Guardian (UK), via Reuters: Solar power equipment makers will have to wait another half-decade or so before China, one of the world’s fastest-growing but most polluted economies, becomes a major market for them alongside Europe. But many are already preparing.
A bevy of U.S.-listed Chinese firms such as SunTech Power and foreign players such as Applied Materials Inc are starting to expand capacity in China, ploughing billions of dollars into factories across the country to capitalise on Beijing’s intention to generate a tenth of its power from renewables by 2010.
Executives and analysts warn Beijing first needs to get its act together and come up with an over-arching blueprint for subsidies, tax incentives and other schemes — as European governments have done — to drive the sector. Expansion itself is fraught with risk: this early in its development, some analysts say the sector is getting overcrowded and predict a shake-out benefiting big companies with access to the expensive raw material, polysilicon, and weeding out minor players.
“China is facing the same situation as Spain and Germany faced two years ago,” said Bryan Li, chief financial officer of solar cell manufacturer Yingli Green Energy. “The Chinese government is deciding whether to give money to the solar sector. And investors will start to pop up only when the government sets up a clear incentive scheme,” added Li.
Executives attending an industry conference in the southern city of Shenzhen this week said grandiose official targets on renewable energy must be backed up by clear-cut incentive schemes, which helped foster booming solar markets in western Europe, particularly Spain and Germany….

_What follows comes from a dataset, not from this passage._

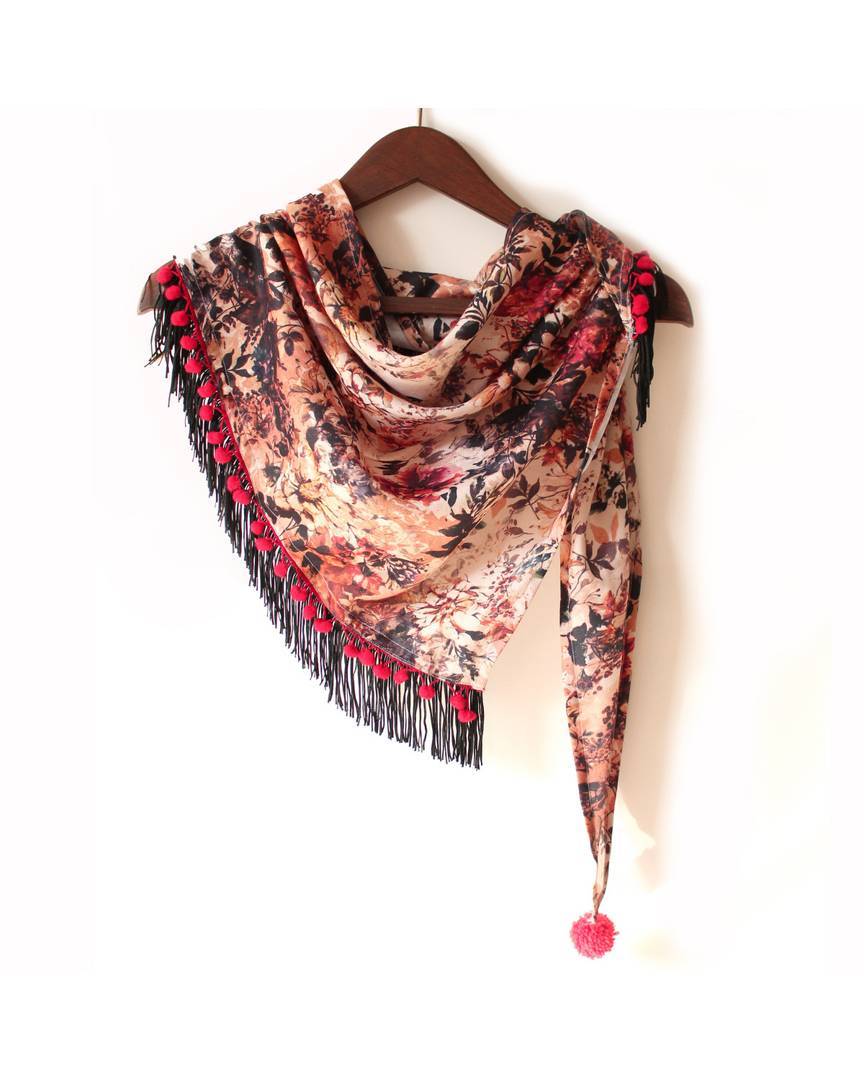 Vintage Red Black Triangle Scarf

Chinese solar firms such as U.S.-listed SunTech Power, JA Solar Holdings and Trina Solar generate almost all their revenues overseas, with only a tiny proportion coming from the local market. But they predict a boom before too long. “We feel that in five years, the demand will be enormous,” said Steven Chan, chief strategy officer at SunTech.
China wants renewable energy to make up a tenth of its total energy consumption by 2010. This is an ambitious target in a country where coal — one of the dirtiest but most profitable types of power generation — is king.
“Government authorities are facing an enormous amount of pressure to address the currently low returns from renewables projects. Even domestic companies complain the returns are too low and hope there will be some improvements with a new tariff system,” Merrill Lynch said in a report. Most companies seem in little doubt of the government’s intentions to prop up the market and make it an attractive investment target.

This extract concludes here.